Records to process: Begin

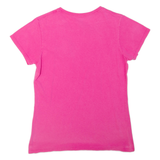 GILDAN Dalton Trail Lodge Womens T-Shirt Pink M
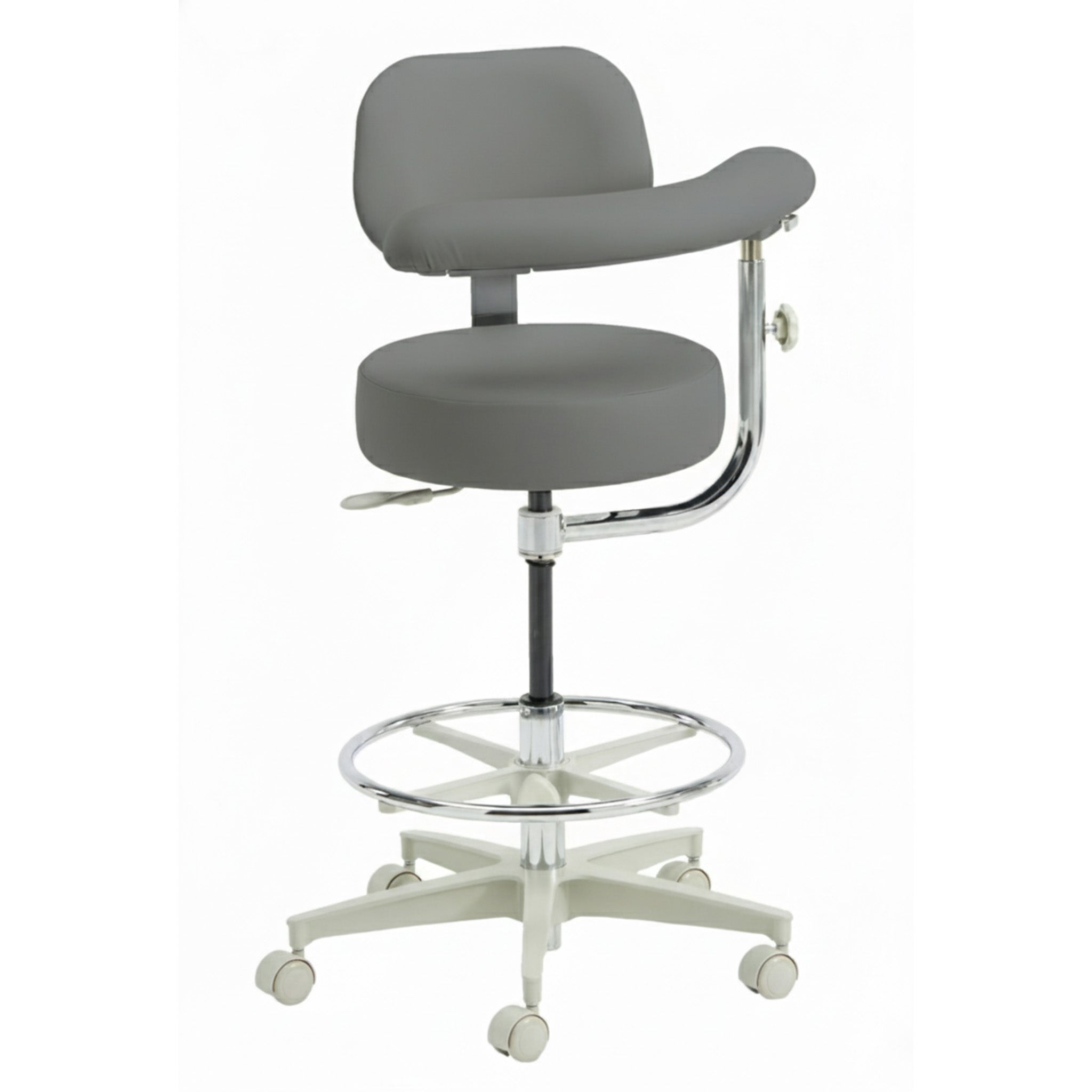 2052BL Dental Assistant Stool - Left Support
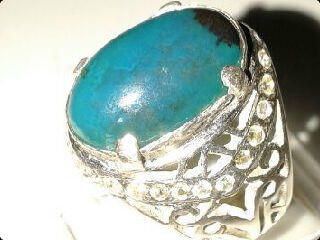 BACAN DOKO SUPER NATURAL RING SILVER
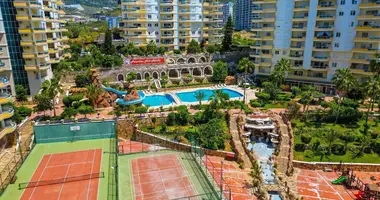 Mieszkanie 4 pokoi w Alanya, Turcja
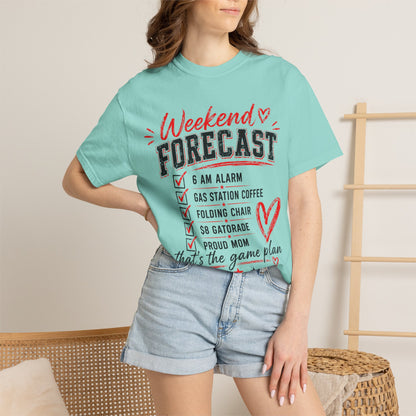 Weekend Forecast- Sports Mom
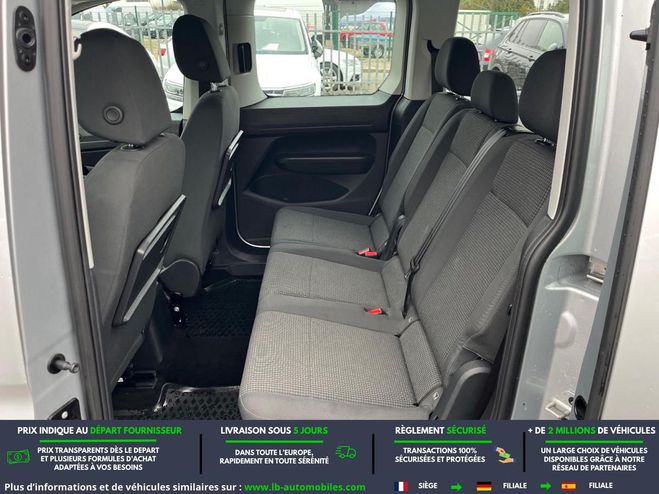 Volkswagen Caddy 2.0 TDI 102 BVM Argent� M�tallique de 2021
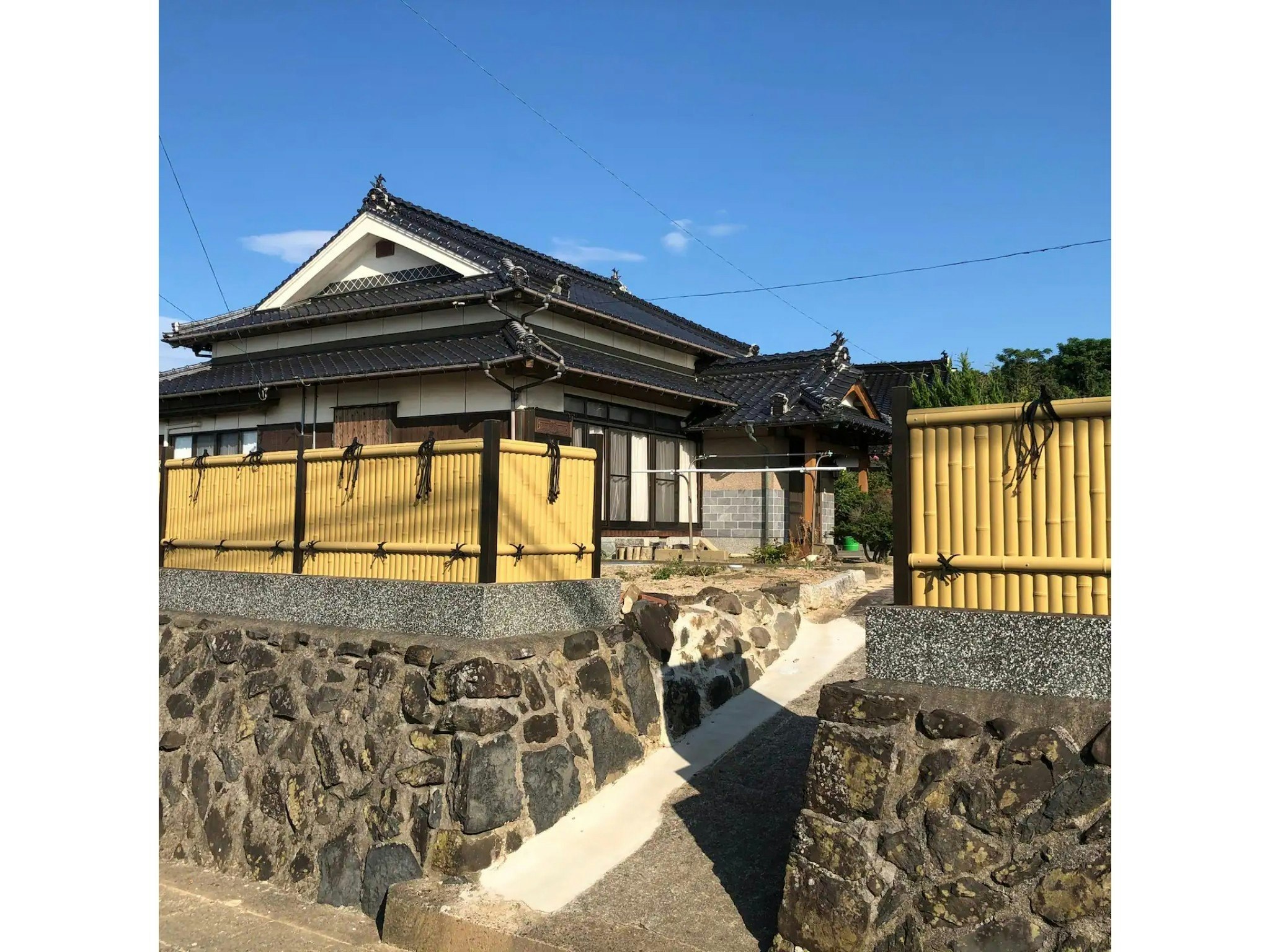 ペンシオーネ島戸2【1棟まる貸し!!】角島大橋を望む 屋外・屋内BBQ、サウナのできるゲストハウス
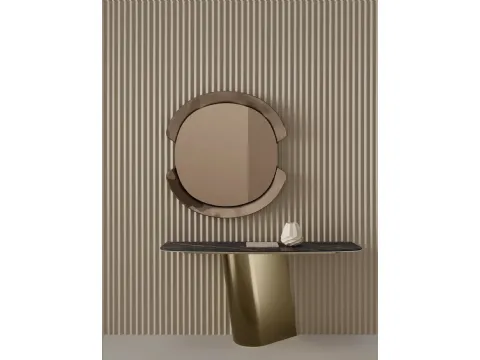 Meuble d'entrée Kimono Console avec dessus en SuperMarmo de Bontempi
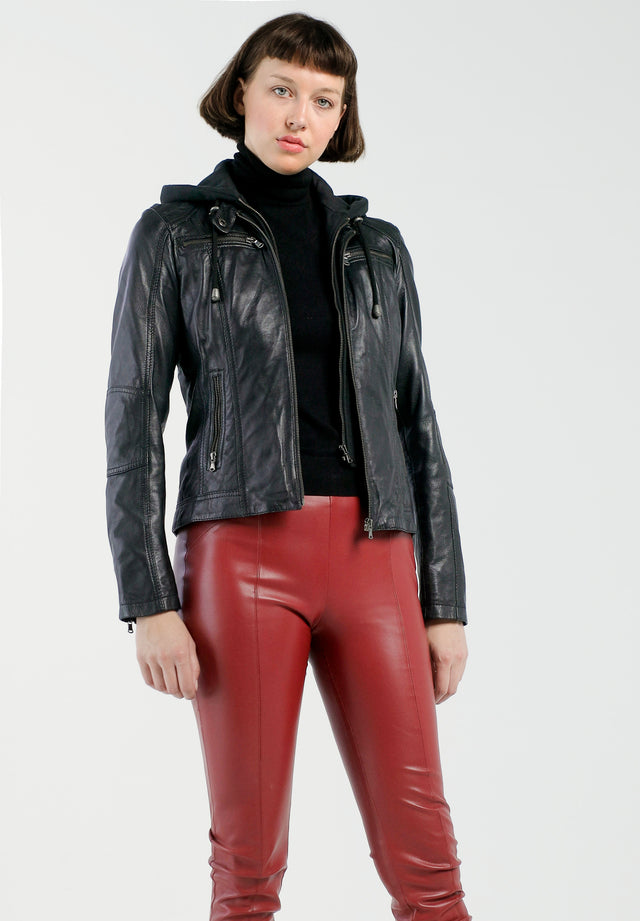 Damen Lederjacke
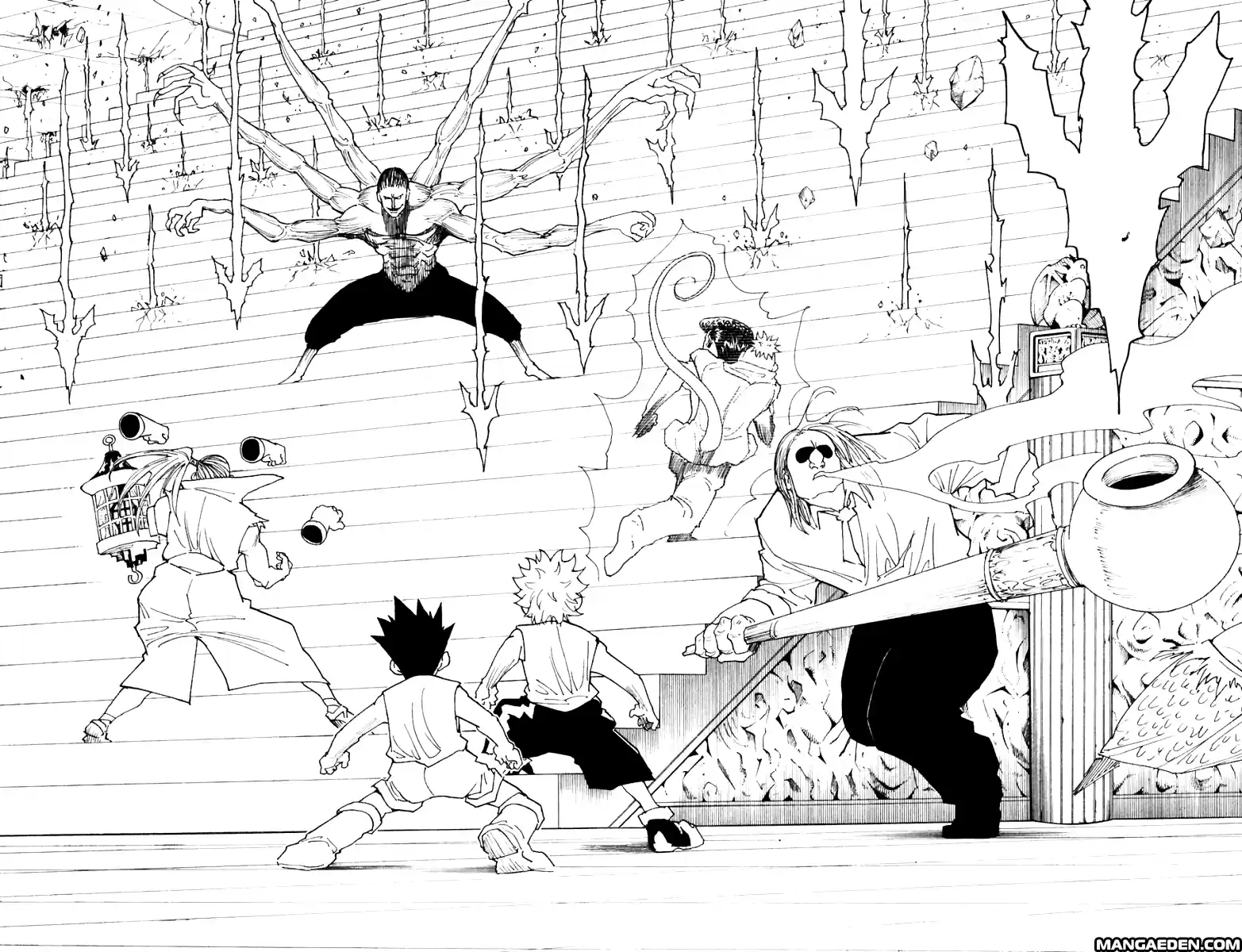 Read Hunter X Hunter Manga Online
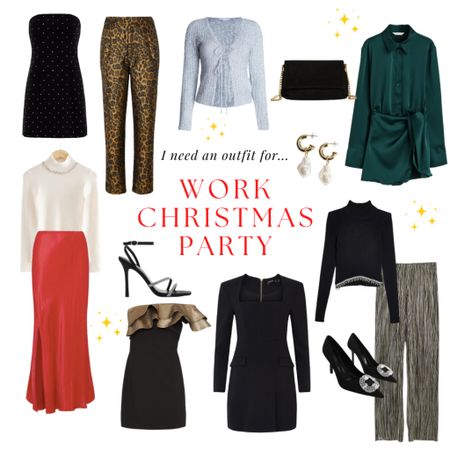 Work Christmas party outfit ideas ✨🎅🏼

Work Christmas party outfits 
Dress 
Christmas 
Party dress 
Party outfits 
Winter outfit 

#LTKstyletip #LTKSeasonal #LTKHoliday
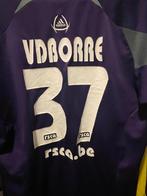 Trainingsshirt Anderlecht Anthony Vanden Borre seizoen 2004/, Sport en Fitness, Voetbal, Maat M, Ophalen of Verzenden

Records to process: End

*Exercise details*:
Transcribe each entry above without alteration, but keep the pictures out.

*Result of this exercise*:
 GILDAN Dalton Trail Lodge Womens T-Shirt Pink M
 2052BL Dental Assistant Stool - Left Support
 BACAN DOKO SUPER NATURAL RING SILVER
 Mieszkanie 4 pokoi w Alanya, Turcja
 Weekend Forecast- Sports Mom
 Volkswagen Caddy 2.0 TDI 102 BVM Argent� M�tallique de 2021
 ペンシオーネ島戸2【1棟まる貸し!!】角島大橋を望む 屋外・屋内BBQ、サウナのできるゲストハウス
 Meuble d'entrée Kimono Console avec dessus en SuperMarmo de Bontempi
 Damen Lederjacke
 Read Hunter X Hunter Manga Online
 Work Christmas party outfit ideas ✨🎅🏼

Work Christmas party outfits 
Dress 
Christmas 
Party dress 
Party outfits 
Winter outfit 

#LTKstyletip #LTKSeasonal #LTKHoliday
 Trainingsshirt Anderlecht Anthony Vanden Borre seizoen 2004/, Sport en Fitness, Voetbal, Maat M, Ophalen of Verzenden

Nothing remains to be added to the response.